▶ SUPPLIED MATERIAL:
::::

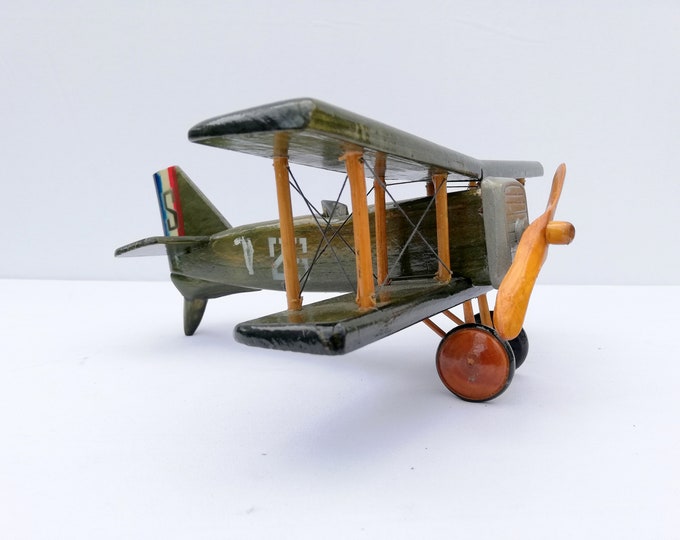 Vintage WW Airplane model - Wood handpainted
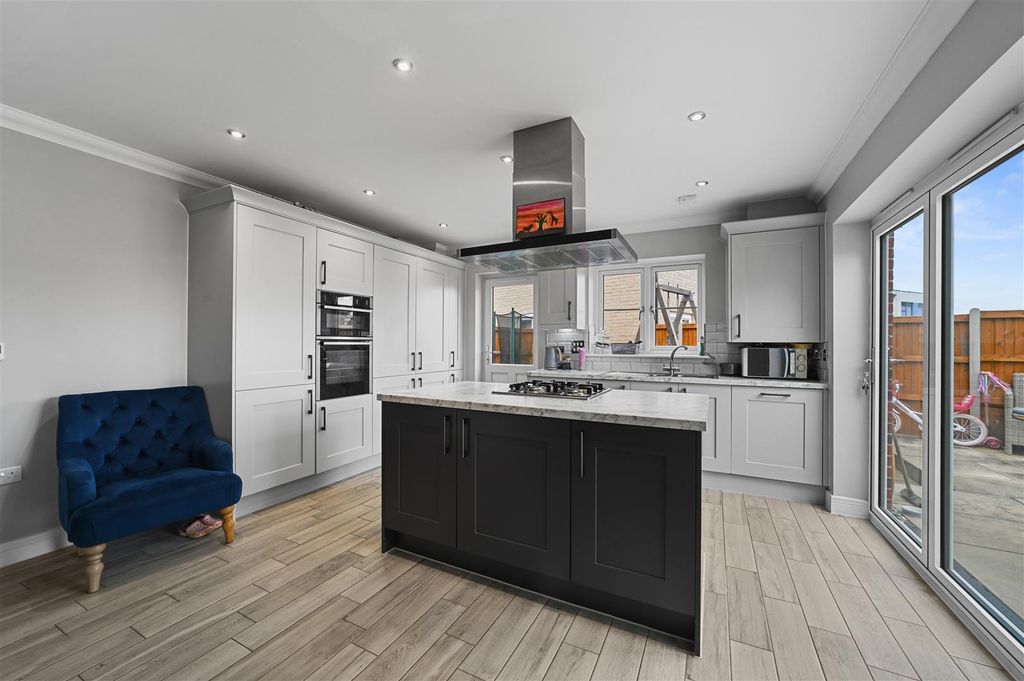 Property photo 2 of 13 Kitchen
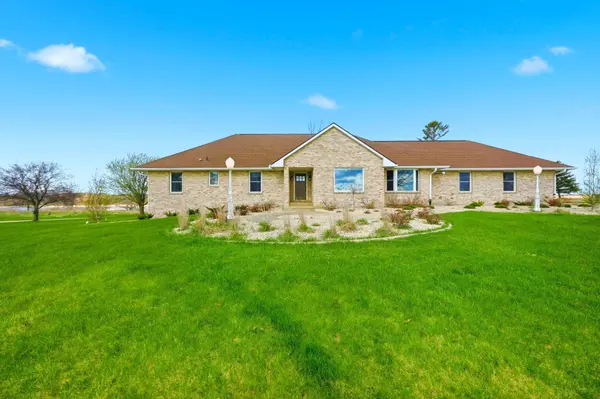 2068 Millersburg BLVD W, Dundas, MN 55019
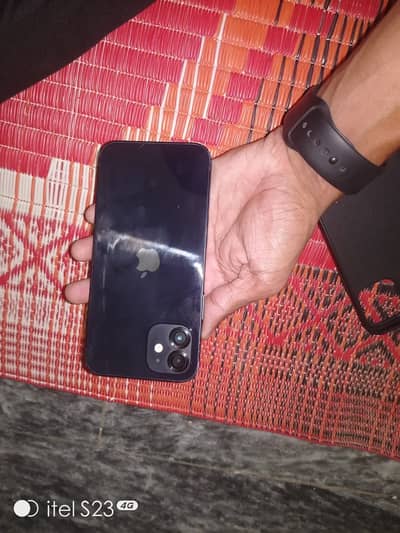 Apple iPhone 12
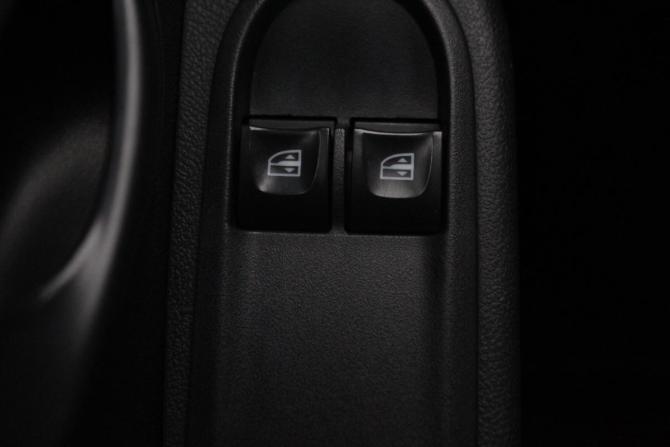 Renault Duster I Рестайлинг с пробегом 2016 года, цена 1 130 000 рублей, 168419 км, внедорожник, Автокод Объявления
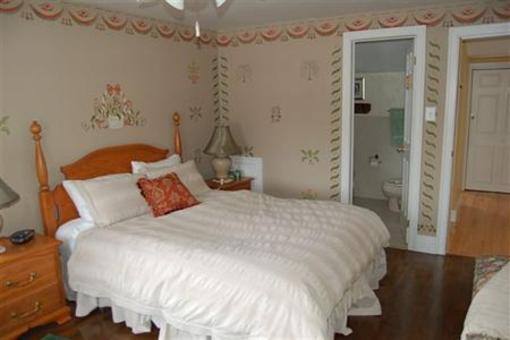 фото отеля Eagle's Landing B&B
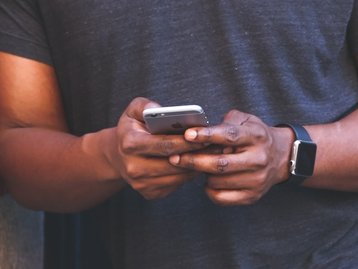 82% dos brasileiros jogam no celular, aponta pesquisa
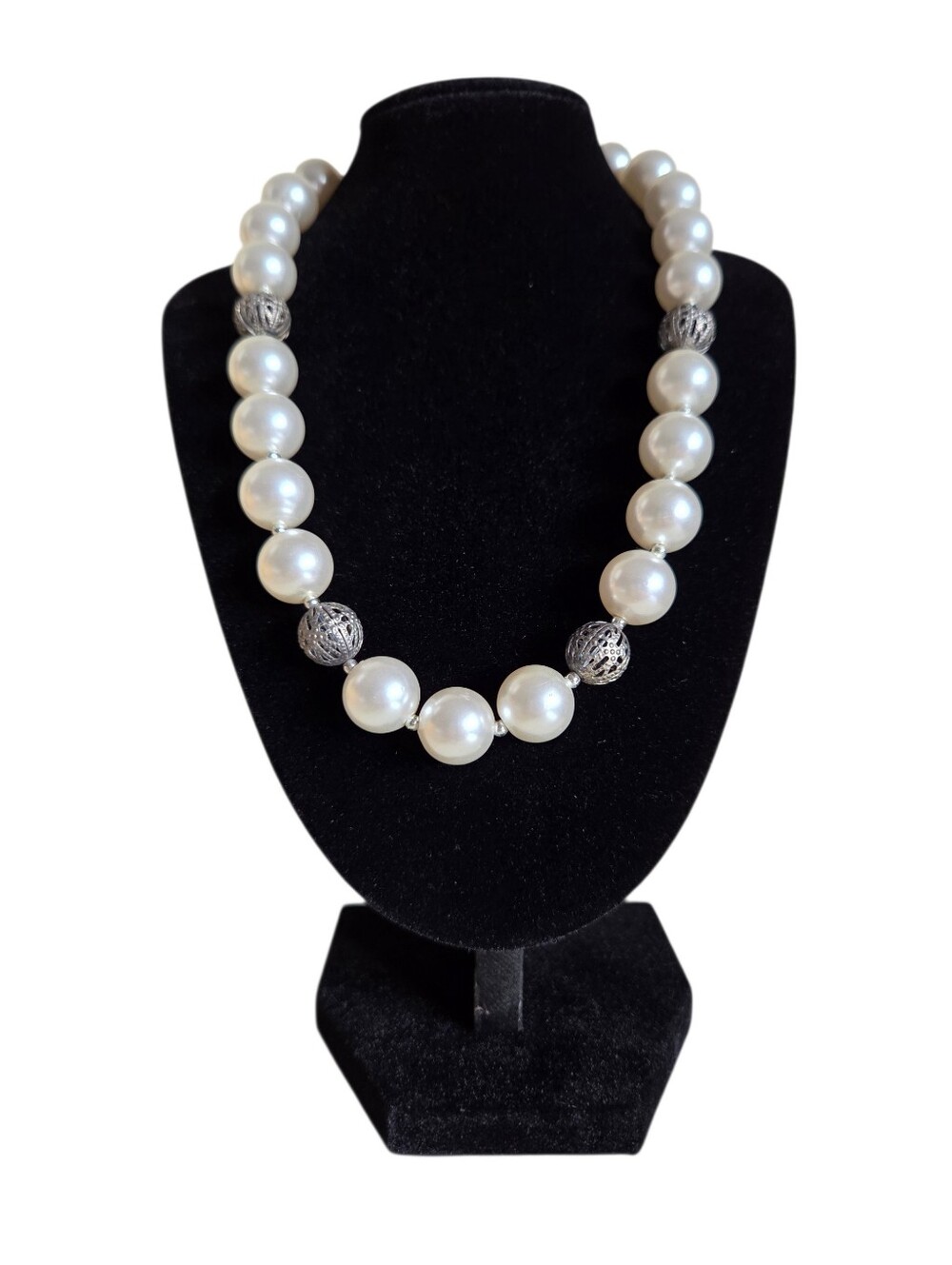 chunky faux pearl collar necklace silver filigree beads station choker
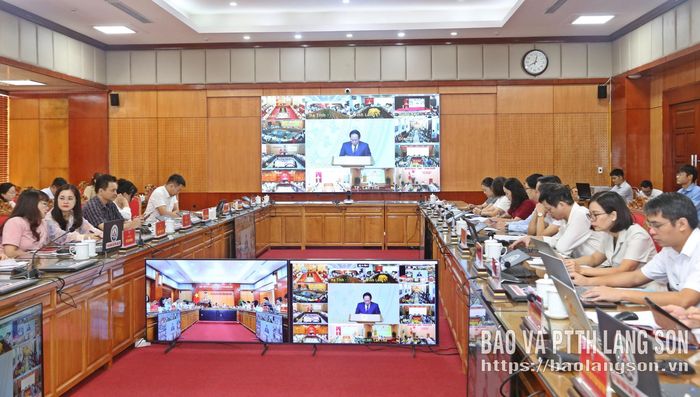 Đại biểu dự hội nghị tại điểm cầu UBND tỉnh Lạng Sơn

::::

▶ WORK TO COMPLETE: Restate, word for word, each line from the one with "chunky faux pearl" to the end of the entries, both included, and keep every picture out.

▶ RESPONSE TO THE TASK:
 chunky faux pearl collar necklace silver filigree beads station choker
 Đại biểu dự hội nghị tại điểm cầu UBND tỉnh Lạng Sơn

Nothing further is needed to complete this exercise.